Items from a dataset

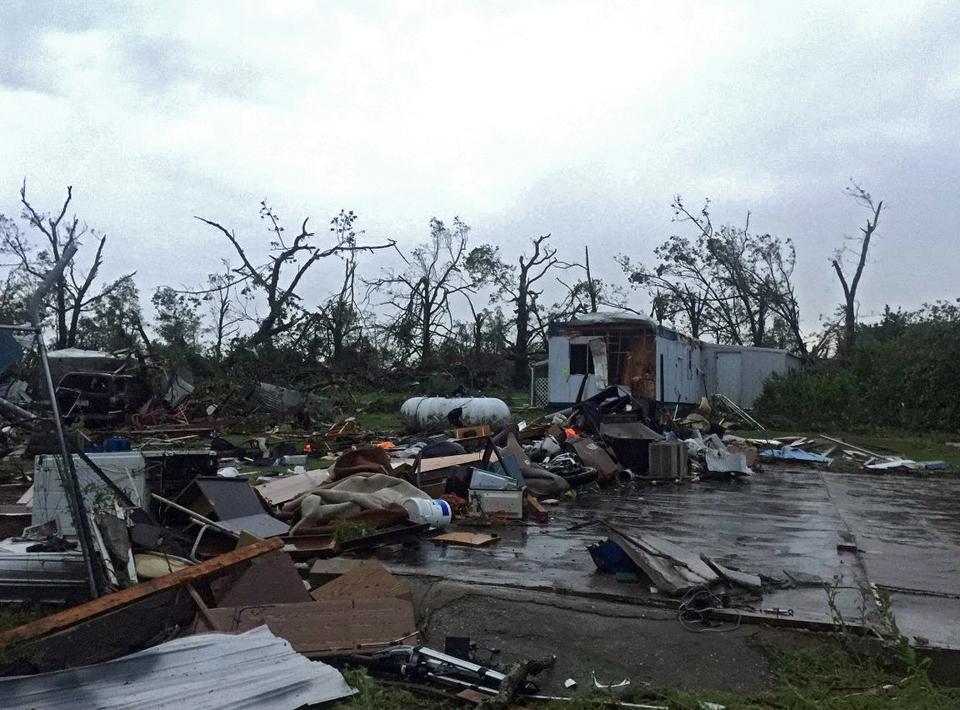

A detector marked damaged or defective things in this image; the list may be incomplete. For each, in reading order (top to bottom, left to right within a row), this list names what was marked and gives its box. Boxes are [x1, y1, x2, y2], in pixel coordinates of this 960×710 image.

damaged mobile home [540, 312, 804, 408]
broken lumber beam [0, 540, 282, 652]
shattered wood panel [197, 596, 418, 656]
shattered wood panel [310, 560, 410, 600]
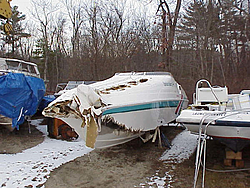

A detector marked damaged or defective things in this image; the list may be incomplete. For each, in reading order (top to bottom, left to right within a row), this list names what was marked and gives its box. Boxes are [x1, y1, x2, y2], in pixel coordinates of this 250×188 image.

What this task involves
The copy must reproduce every entry exactly while excluding all pictures.

Output for this exercise
A detector marked damaged or defective things in this image; the list may be incomplete. For each, in reading order (top to bottom, left to right within a row), this list names what was marked and gives its box. Boxes are [x1, y1, x2, y2], in pixel coordinates of this 960×710 image.

damaged mobile home [540, 312, 804, 408]
broken lumber beam [0, 540, 282, 652]
shattered wood panel [197, 596, 418, 656]
shattered wood panel [310, 560, 410, 600]

A detector marked damaged or defective things in this image; the list may be incomplete. For each, in reading order (top to bottom, left to right within a row), this list names what was marked and gives its box. Boxes are [x1, y1, x2, y2], in pixel coordinates of this 250×188 image.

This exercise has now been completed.